LA SPIGOLATRICE DI SAPRI
Eran trecento, eran giovani e forti,
e sono morti !
Me ne andavo al mattino a spigolare
quando ho visto una barca in mezzo al mare;
era una barca che andava a vapore,
e alzava una bandiera tricolore.
All’isola di Ponza s’è fermata,
è stata un poco e poi si è ritornata;
s’è ritornata ed è venuta a terra :
sceser con l’armi, e a noi non fecer guerra.

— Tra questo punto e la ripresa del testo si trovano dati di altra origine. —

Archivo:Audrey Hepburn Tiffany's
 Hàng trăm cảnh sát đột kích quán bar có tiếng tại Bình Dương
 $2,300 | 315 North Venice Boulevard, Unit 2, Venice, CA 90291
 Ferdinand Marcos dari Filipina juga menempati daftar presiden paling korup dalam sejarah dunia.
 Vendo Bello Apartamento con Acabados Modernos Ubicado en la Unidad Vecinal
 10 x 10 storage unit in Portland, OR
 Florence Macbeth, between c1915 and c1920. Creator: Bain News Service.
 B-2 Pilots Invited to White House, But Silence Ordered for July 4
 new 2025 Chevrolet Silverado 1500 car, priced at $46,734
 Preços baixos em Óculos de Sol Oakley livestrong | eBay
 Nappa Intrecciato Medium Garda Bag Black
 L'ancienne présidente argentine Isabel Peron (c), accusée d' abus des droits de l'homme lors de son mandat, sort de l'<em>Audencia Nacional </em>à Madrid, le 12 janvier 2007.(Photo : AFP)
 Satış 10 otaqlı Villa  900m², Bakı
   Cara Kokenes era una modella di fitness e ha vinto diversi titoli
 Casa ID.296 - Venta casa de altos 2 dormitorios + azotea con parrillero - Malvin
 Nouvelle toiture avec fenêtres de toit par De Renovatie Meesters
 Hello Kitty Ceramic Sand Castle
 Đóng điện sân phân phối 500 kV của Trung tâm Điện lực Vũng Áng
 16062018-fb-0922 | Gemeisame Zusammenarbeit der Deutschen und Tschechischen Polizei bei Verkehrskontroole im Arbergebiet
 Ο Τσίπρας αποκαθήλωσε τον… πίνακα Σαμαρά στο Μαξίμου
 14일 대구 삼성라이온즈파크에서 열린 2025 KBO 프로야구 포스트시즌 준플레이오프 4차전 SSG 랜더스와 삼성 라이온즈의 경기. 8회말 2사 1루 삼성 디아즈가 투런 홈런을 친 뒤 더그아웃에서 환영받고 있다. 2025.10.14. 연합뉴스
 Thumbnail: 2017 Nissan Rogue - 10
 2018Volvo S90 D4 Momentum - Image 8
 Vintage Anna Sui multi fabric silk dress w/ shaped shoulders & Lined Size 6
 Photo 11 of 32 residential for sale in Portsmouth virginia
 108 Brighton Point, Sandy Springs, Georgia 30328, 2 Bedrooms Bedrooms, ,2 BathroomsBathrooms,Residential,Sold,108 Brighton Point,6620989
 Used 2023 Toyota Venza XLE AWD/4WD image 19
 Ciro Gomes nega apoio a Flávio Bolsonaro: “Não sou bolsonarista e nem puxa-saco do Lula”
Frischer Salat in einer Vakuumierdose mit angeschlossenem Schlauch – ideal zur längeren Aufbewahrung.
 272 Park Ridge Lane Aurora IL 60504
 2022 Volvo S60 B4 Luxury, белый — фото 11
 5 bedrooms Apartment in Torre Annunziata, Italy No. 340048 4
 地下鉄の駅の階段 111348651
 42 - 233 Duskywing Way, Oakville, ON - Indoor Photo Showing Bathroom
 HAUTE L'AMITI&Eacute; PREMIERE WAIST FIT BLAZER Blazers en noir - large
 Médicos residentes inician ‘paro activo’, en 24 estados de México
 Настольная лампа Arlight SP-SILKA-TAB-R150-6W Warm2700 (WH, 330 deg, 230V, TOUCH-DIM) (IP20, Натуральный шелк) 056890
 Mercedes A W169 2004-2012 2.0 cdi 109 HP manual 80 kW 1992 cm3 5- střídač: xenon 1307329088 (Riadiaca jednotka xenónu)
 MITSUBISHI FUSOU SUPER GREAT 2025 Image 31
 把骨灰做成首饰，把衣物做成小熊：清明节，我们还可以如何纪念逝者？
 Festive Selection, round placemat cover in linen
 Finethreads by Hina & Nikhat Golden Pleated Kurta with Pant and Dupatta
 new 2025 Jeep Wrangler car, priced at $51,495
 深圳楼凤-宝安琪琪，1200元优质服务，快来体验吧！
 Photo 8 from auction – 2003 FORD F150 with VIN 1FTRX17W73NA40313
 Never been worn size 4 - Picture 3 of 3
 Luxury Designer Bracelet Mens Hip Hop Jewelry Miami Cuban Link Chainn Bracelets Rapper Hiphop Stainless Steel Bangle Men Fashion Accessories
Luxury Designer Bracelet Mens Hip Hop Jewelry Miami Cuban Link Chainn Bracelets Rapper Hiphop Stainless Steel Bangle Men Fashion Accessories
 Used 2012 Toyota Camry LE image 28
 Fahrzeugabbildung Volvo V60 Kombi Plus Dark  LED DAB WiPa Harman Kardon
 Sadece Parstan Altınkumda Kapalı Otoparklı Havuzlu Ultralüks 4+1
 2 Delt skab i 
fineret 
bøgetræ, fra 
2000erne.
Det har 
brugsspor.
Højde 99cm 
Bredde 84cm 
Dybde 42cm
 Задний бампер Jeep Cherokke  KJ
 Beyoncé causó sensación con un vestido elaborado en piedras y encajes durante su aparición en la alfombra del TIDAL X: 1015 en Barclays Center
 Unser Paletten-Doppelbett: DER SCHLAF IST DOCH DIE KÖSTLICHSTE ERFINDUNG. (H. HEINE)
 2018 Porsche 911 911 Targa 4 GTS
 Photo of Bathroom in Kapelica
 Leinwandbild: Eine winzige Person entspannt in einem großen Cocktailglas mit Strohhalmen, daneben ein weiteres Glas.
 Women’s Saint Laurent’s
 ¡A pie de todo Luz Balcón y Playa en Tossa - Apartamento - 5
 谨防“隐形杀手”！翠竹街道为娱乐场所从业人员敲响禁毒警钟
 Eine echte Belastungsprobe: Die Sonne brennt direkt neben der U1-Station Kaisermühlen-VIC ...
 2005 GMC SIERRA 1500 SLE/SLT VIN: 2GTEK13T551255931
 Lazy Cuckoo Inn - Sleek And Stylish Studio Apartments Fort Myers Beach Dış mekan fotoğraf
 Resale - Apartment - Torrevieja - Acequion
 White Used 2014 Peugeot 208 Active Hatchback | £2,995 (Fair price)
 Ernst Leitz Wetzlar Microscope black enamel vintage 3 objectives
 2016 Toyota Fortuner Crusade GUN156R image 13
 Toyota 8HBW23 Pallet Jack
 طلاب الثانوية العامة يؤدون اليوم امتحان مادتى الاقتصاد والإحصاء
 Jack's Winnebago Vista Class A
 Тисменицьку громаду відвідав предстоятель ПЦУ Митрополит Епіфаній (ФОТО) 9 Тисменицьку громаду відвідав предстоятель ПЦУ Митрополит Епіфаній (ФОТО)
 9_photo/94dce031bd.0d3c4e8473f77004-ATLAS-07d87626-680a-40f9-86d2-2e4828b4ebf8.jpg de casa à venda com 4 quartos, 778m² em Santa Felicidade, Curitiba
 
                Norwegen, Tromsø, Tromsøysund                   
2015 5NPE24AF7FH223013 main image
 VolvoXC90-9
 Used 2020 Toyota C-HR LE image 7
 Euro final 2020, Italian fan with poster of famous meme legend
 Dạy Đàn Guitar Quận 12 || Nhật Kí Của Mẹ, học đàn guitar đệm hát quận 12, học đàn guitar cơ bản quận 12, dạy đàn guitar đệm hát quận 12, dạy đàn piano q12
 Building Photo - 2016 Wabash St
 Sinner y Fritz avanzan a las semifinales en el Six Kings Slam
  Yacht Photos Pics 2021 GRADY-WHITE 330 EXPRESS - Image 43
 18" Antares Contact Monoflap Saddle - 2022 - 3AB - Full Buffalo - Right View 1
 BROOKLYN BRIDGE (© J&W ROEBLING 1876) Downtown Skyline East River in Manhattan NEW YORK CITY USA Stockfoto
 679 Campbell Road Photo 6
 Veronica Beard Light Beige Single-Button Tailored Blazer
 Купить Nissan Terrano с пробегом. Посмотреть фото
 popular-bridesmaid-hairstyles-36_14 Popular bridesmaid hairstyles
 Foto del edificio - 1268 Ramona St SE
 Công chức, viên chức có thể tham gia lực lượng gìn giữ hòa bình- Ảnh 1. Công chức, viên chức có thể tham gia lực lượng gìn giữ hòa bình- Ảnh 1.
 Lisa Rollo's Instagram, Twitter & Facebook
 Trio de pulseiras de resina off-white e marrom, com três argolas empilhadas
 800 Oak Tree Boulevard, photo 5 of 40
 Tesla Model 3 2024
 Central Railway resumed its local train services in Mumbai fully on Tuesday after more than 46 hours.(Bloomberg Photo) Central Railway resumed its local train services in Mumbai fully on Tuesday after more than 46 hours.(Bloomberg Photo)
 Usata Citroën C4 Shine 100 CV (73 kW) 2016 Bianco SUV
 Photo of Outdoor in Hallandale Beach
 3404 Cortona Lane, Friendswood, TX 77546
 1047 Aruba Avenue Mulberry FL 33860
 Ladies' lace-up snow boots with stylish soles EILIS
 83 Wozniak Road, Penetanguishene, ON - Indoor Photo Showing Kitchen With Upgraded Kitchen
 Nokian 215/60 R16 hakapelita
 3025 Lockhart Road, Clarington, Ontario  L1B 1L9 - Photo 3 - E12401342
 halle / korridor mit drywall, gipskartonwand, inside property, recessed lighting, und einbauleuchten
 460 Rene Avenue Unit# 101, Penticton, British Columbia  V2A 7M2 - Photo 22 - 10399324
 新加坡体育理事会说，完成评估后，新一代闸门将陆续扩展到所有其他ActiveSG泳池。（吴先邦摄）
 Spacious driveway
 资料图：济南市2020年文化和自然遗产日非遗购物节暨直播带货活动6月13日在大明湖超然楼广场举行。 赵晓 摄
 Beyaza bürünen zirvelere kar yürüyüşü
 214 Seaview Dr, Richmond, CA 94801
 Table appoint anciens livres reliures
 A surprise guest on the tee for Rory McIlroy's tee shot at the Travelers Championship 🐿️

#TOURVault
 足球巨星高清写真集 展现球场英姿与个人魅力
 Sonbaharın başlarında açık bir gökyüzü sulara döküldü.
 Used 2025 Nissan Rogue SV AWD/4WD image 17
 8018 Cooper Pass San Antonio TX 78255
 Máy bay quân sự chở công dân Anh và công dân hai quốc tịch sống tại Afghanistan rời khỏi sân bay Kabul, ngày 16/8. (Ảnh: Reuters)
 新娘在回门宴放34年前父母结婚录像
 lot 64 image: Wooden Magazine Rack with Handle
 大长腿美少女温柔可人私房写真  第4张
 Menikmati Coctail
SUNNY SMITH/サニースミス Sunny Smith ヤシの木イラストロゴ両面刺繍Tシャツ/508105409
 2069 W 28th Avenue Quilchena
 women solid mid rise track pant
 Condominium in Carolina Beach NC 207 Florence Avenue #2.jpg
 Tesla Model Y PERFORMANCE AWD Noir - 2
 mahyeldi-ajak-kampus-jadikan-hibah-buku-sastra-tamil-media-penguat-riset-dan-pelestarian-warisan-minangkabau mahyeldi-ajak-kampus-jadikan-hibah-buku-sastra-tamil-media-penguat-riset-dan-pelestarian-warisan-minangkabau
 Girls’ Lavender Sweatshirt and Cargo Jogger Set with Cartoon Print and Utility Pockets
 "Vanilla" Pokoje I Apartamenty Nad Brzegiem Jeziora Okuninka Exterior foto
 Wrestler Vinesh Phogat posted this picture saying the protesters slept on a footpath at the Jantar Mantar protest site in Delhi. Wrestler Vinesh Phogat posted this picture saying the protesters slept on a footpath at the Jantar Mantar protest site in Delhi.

Eran trecento, eran giovani e forti,
e sono morti !
Sceser coll’armi e a noi non fecer guerra,
ma s’inchinaron per baciar la terra.
Ad uno ad uno li guardai nel viso:
tutti aveano una lagrima e un sorriso.
Li disser ladri usciti dalle tane,
ma non portaron via nemmeno un pane;
e li sentii mandare un solo grido :
“ siam venuti a morir pel nostro lido !”
Eran trecento, eran giovani e forti,
e sono morti !
Con gli occhi azzurri e coi capelli d’oro
un giovin camminava innanzi a loro,
mi feci ardita, e, presol per la mano,
gli chiesi: “ Dove vai, bel capitano ? “
Guardommi, e mi rispose: “ O mia sorella,
vado a morir per la mia patria bella ! “
Io mi sentii tremare tutto il core,
né potei dirgli: “ V’aiuti il Signore !”
Eran trecento, eran giovani e forti,
e sono morti !
Quel giorno mi scordai di spigolare,
e dietro a loro mi misi ad andare:
due volte si scontrar con li gendarmi,
e l’una e l’altra li spogliar dell’armi.
Ma quando fur della Certosa ai muri,
s’udirono a sonar trombe e tamburi;
e tra il fumo e gli spari e le scintille
piombaron loro addosso piú di mille.
Eran trecento, eran giovani e forti,
e sono morti !
Eran trecento, e non voller fuggire;
parean tre mila, e vollero morire;
ma vollero morir col ferro in mano,
e avanti a loro correa sangue il piano.
Fin che pugnar vid’io per lor pregai,
ma a un tratto venni men, né piú guardai.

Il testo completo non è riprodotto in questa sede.